J-J B : On va parler de cette fameuse réforme de la carte judicaire. Je rappelle que vous représentez les 47000 avocats de France. Qu’est ce qu’il se passe aujourd’hui ? C’est une journée de contestation, magistrats, greffiers, personnels de justice, avocats…Est-ce que vous êtes opposé à la réforme de Rachida Dati ou est-ce que vous la trouvez bonne ?
P A I : Ce que nous considérons c’est que c’est un gâchis. Il fallait faire une réforme, le Conseil National du Barreau l’a dit dès le début. Il est vrai que la carte judiciaire avait été pour la dernière fois sérieusement modifiée en 1958, donc il est légitime que de temps en temps on réforme. Je suis d’accord avec l’idée de réformer. Mais si l’on réforme en France comme partout, il faut savoir expliquer pourquoi on réforme de telle ou telle façon.

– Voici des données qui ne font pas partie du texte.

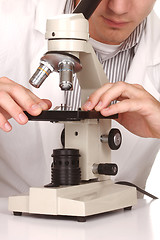 Image showing Caucasian Scientist At Work Using the Scientific Method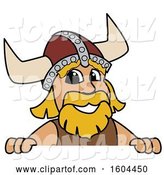 Vector Illustration of a Cartoon Male Viking School Mascot over a Sign by Mascot Junction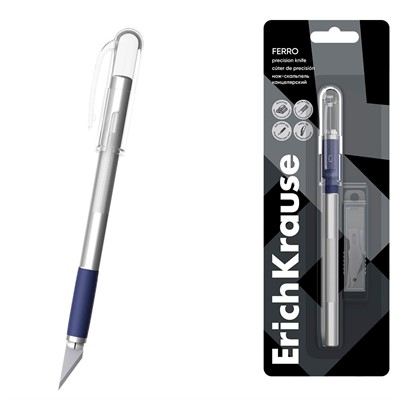 Нож-скальпель канцелярский Ferro, металлический, 2 лезвия в комплекте 16953 ErichKrause - фото 69934996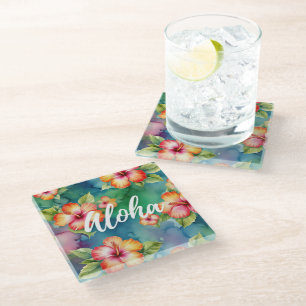 Dessous-de-verre En Verre Aloha beau motif de fleur d'hibiscus Hawaï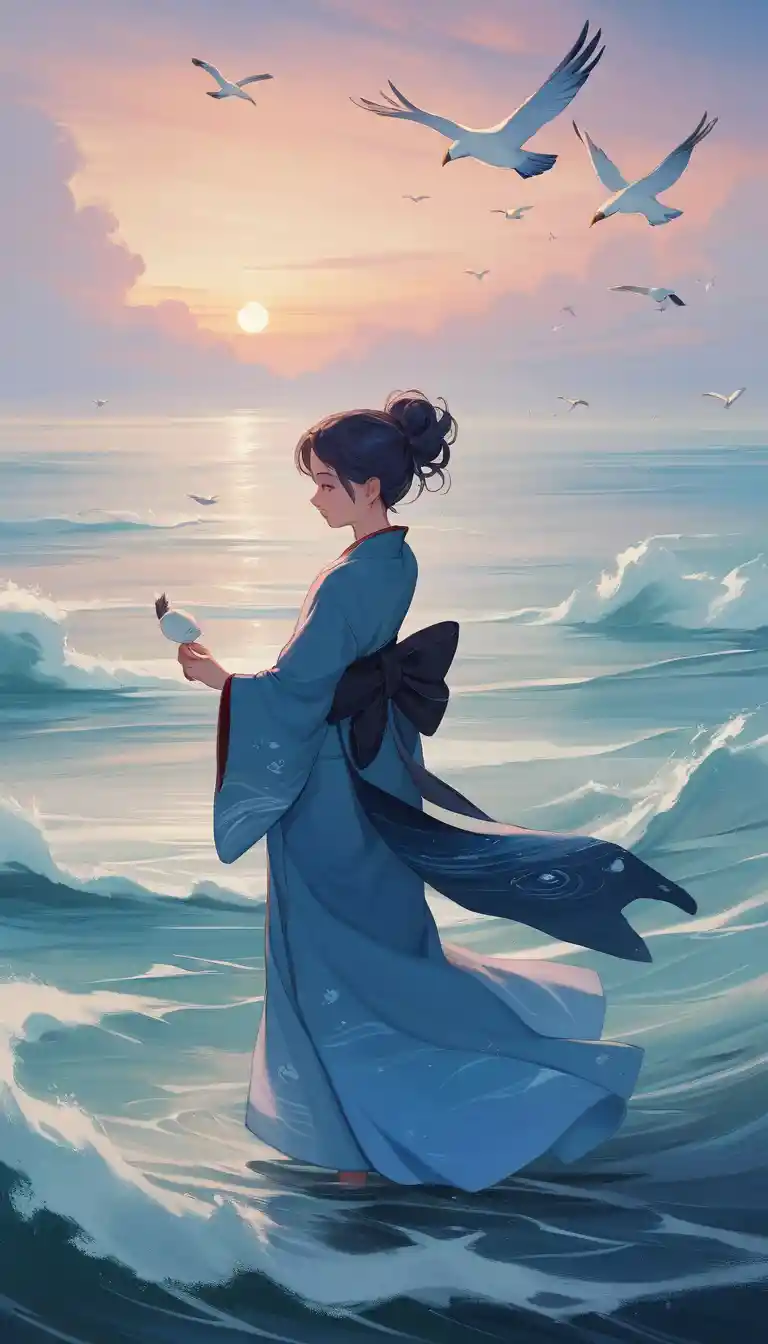 Serene woman in kimono on a misty Japanese shore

J-J B : On va entrer dans le détail, je voudrais que vous nous expliquiez plus précisément ce qu’est la carte judiciaire ?
P A I : La carte judiciaire c’est la répartition des juridictions sur le territoire national. Vous avez des juridictions de grandes instances qui traitent les divorces, les affaires pénales, il y a les cours d’appel. Et un peu partout sur le territoire français, il y a les tribunaux d’instance qui traitent les petites affaires de consommation en dessous d’un certain montant. Donc vous avez trois étages de juridiction ; au surplus vous avez les tribunaux de commerce qui traitent les affaires commerciales, et les conseils de Prud’hommes et nous étions arrivés à 1200 juridictions en France réparties sur 800 sites.

J-J B : C’était trop ?
P A I : C’était certainement trop à l’égard de la mutualisation nécessaire des moyens si on veut être plus efficace sur le point de départ de la réforme. Je crois d’ailleurs que pratiquement tout le monde était d’accord.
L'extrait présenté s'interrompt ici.